Marc's comments apply in general to the PR trade. From my position as a business journalist, I can
tell you that I get dozens of PR e-mails (and faxes) every day and a very small percentage of them
get anything resembling attention because they are either poorly written, have a useless or dumb
subject line and/or are irrelevant to my publication, which SINCE 1982 has covered nothing but the
non-alcoholic beverage business (and yet every hack with a new microbrewery or designer whiskey
client seems to be too lazy to find that out).

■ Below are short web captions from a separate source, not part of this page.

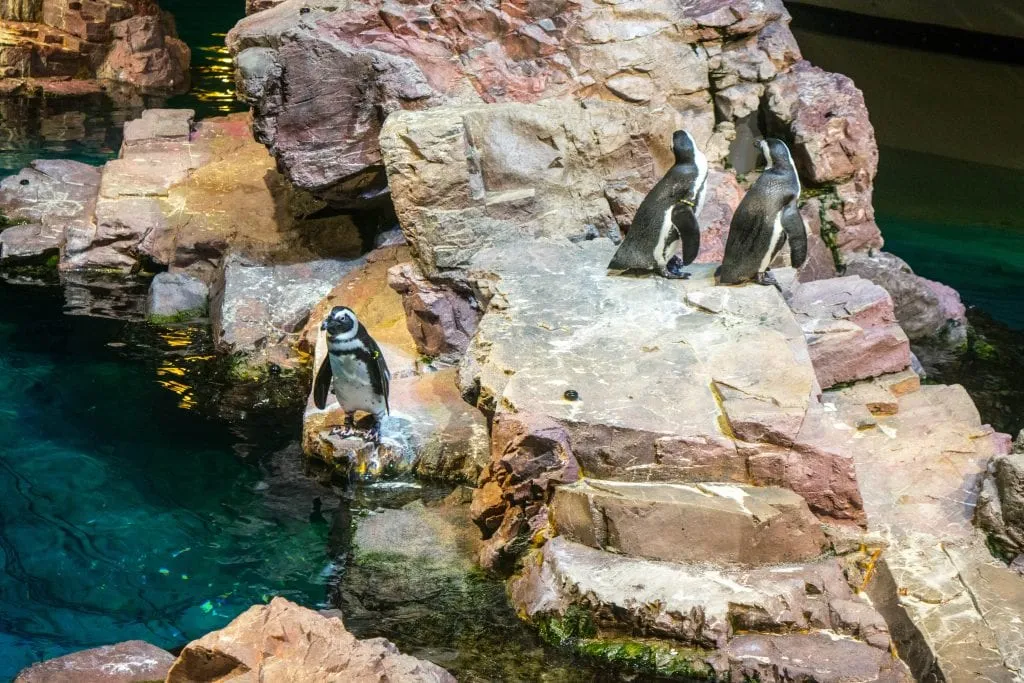 波士顿两日游行程:水族馆的企鹅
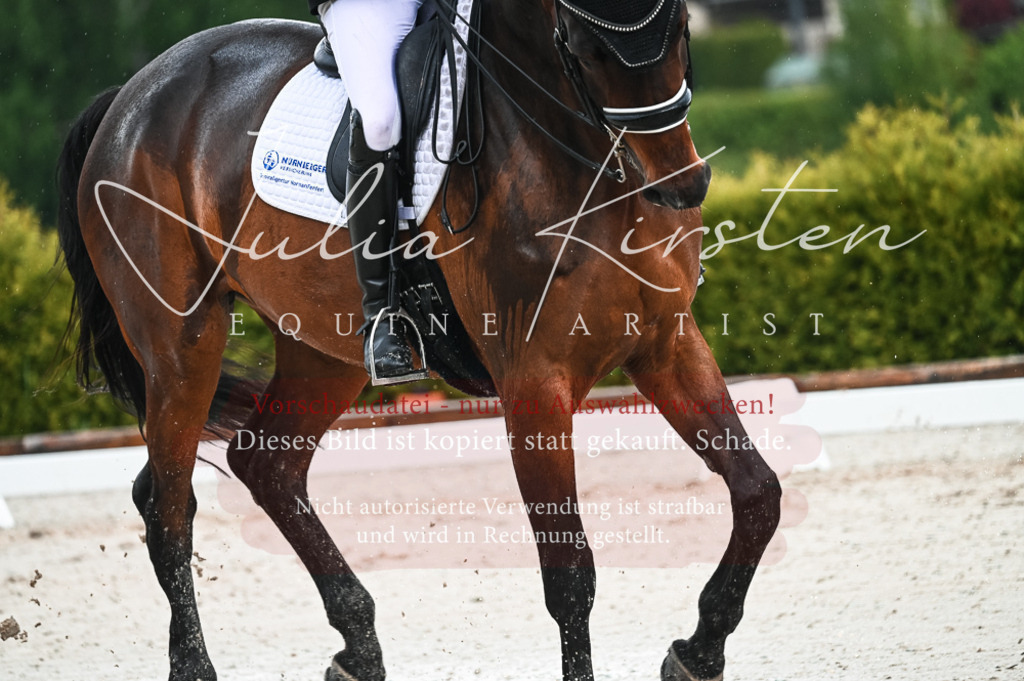 DSC_4218 | Pferde- und Turnierfotografie in Westsachsen. Pferdeportraits, Auftragszeichnungen und intuitive Kunst.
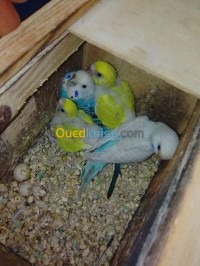 تيزي-وزو-عين-الحمام-الجزائر-عصفور-perruches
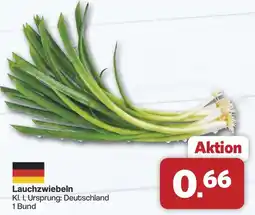 Famila Nord West Lauchzwiebeln Angebot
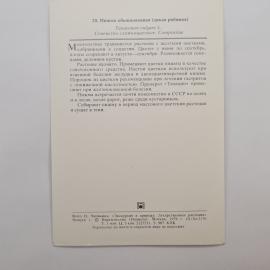 Картинка 2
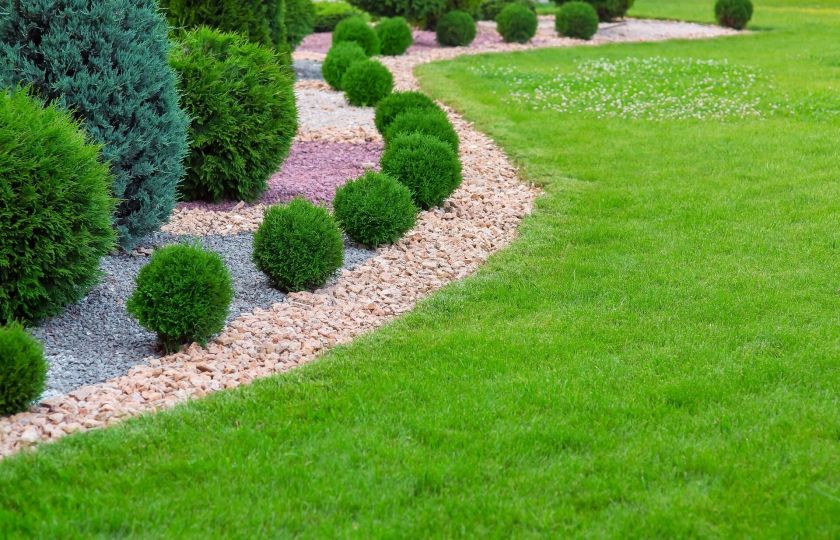 Hit sezóny: Travní koberec vytvoří zelenou oázu a nikdy neuschne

To listmembers who use PR firms, you might want to think on this topic and consider if you're
getting any value for the fees you are paying them. I definitely think such "measures of
performance" as how many people are contacted (ie how much spaghetti was thrown up on the wall) are
not valuable to the client. Neither is a boast, which I heard from a PR person at one of our
conferences, that "I have a great e-mail list because we have only a 5% bounce-back rate." So what
if you know a lot of current e-mail addresses, do any of those people want to hear from you or read
what you've sent? Another one I heard, a PR person pitching an executive, "we always follow up with
a phone call." Yes, I get those calls and they are even more annoying than irrelevant mis-targeted
e-mails. Suffice to say it is a strain to remain polite when being bothered by a time-wasting phone
call to further pitch an irrelevant product or topic that was already pestering me in my inbox. All
could be avoided by the kind of better preparation, and better knowledge of various media outlets
and their deadlines/editorial flows, etc that Marc Myers describes. Such work is the mark of a
professional, and thus most PR people are hacks and not professionals.
The point Marc makes about pitching MUSIC and then making it difficult or non-obvious how the HEAR
THE MUSIC is the best of his points, in my opinion, followed closely by timing PR blasts too close
before or after the fact vis-a-vis the album's release date.